A faithful copy is needed of the lines below from the one with "en TT (50%)." up to and including the one with "Çapraz maymun dili, papillae 100x"; set it down with no pictures and no other lines.

→ The data
· · · · ·

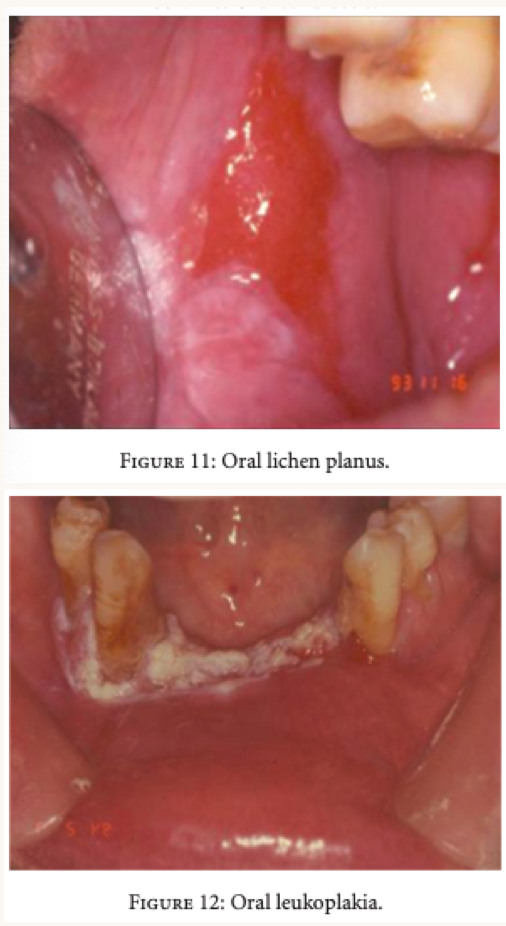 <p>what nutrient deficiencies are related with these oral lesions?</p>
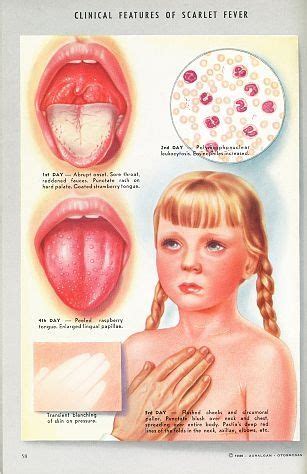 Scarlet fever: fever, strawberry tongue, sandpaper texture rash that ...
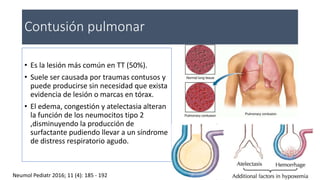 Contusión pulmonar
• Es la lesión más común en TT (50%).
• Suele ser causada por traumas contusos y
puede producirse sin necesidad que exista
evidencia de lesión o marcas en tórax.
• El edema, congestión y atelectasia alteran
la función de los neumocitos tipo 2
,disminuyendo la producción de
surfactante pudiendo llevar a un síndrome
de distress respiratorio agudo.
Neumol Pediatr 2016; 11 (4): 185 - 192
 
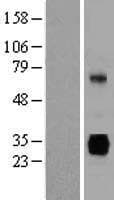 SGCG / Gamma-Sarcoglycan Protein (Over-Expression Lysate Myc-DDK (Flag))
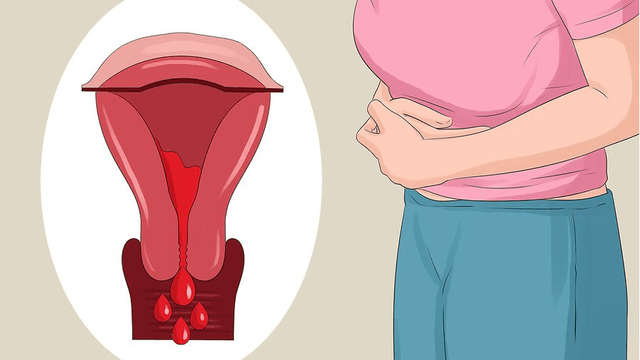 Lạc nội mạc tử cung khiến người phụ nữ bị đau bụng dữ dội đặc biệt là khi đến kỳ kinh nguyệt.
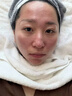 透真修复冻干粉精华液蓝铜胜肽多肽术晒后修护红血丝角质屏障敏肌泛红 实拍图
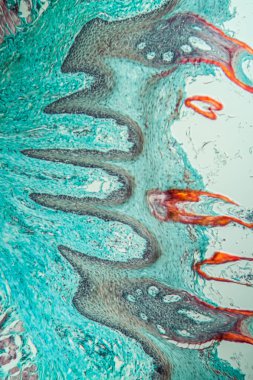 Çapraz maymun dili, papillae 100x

· · · · ·

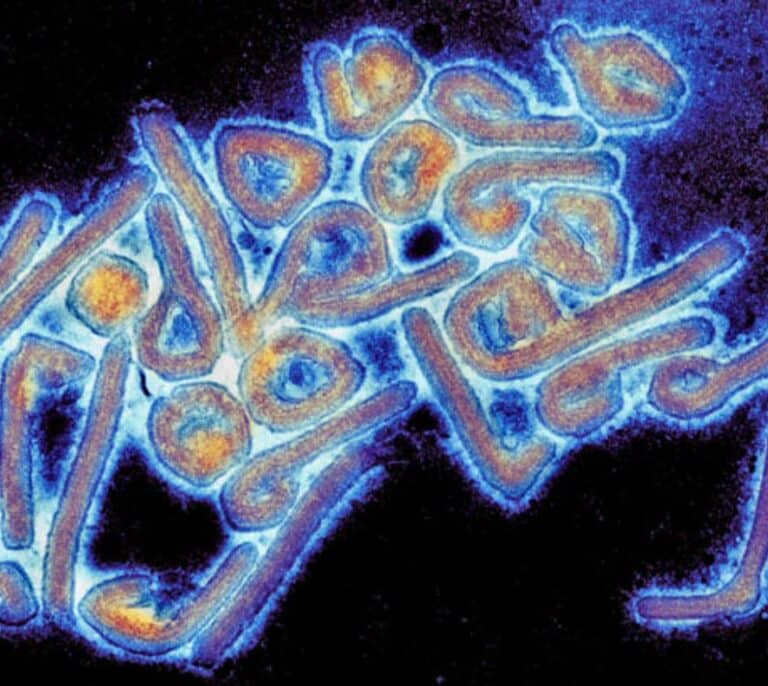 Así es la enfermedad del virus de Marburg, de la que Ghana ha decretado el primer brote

· · · · ·

→ Written reply
• Es la lesión más común en TT (50%).
• Suele ser causada por traumas contusos y
puede producirse sin necesidad que exista
evidencia de lesión o marcas en tórax.
• El edema, congestión y atelectasia alteran
la función de los neumocitos tipo 2
,disminuyendo la producción de
surfactante pudiendo llevar a un síndrome
de distress respiratorio agudo.
Neumol Pediatr 2016; 11 (4): 185 - 192
 
 SGCG / Gamma-Sarcoglycan Protein (Over-Expression Lysate Myc-DDK (Flag))
 Lạc nội mạc tử cung khiến người phụ nữ bị đau bụng dữ dội đặc biệt là khi đến kỳ kinh nguyệt.
 透真修复冻干粉精华液蓝铜胜肽多肽术晒后修护红血丝角质屏障敏肌泛红 实拍图
 Çapraz maymun dili, papillae 100x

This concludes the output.